Mary Catherine Bateson

Learning and Evolution as Mental Processes
The question of teleology (design) brings me back to the final chapter of Mind and Nature (1979), in which Gregory talks about the “two great stochastic processes” that combine randomness with selectivity. Having in many different ways, in the course of that book, discussed the mind-like properties of natural systems, he compares evolution with learning. And it strikes me today that he is saying that of course there is something that looks like intelligent design in evolution, because the mind-like properties of systems are unfolding. In this sense one can see mind at work in the structure of the eye, or in the structure of the cell and what have you. But in this understanding the mind is not external.

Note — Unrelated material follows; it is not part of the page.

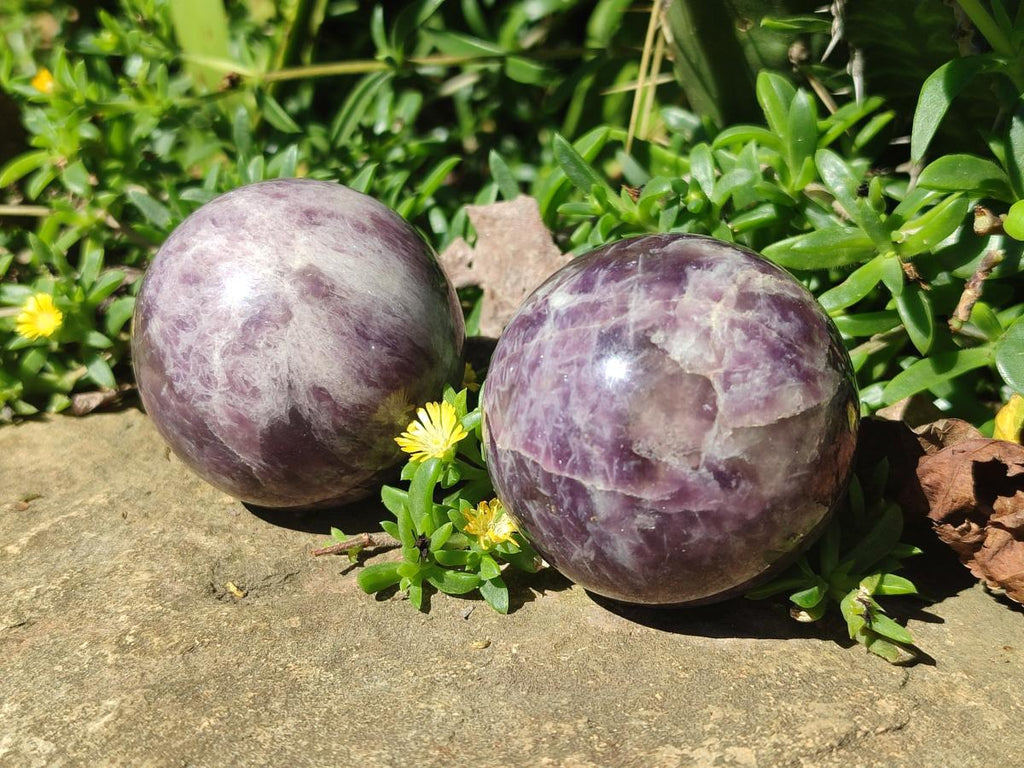 Polished Lepidolite Spheres x 6 From Ambatondrazaka, Madagascar - Toprock Gemstones and Minerals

Mind is a characteristic of the unfolding organization and process, immanent and emergent.
When Gregory spoke about the two great stochastic processes – learning, involving trial and error and involving something like reinforcement to determine what is retained, and evolution, where natural selection has the same effect, he was proposing yet another aspect of the pattern which connects all living things, recognizing in our own mental processes of thought and learning a pattern which connects us to the biosphere rather than an argument for separation. This recognition is inhibited by the dualistic assumption that what happens in the natural world is mechanical. It is inhibited in a deep way by the Cartesian body – mind distinction, as if the natural world were purely material instead of being shaped by process and organization. Having over simplified our description of the natural world, we open the door to a compensatory leap from the recognition of the complexity around us to the insistence on a mind external to it – a deity – shaping it. “Miracles,” said Gregory, “are dreams and imaginings whereby materialists hope to escape from their materialism.”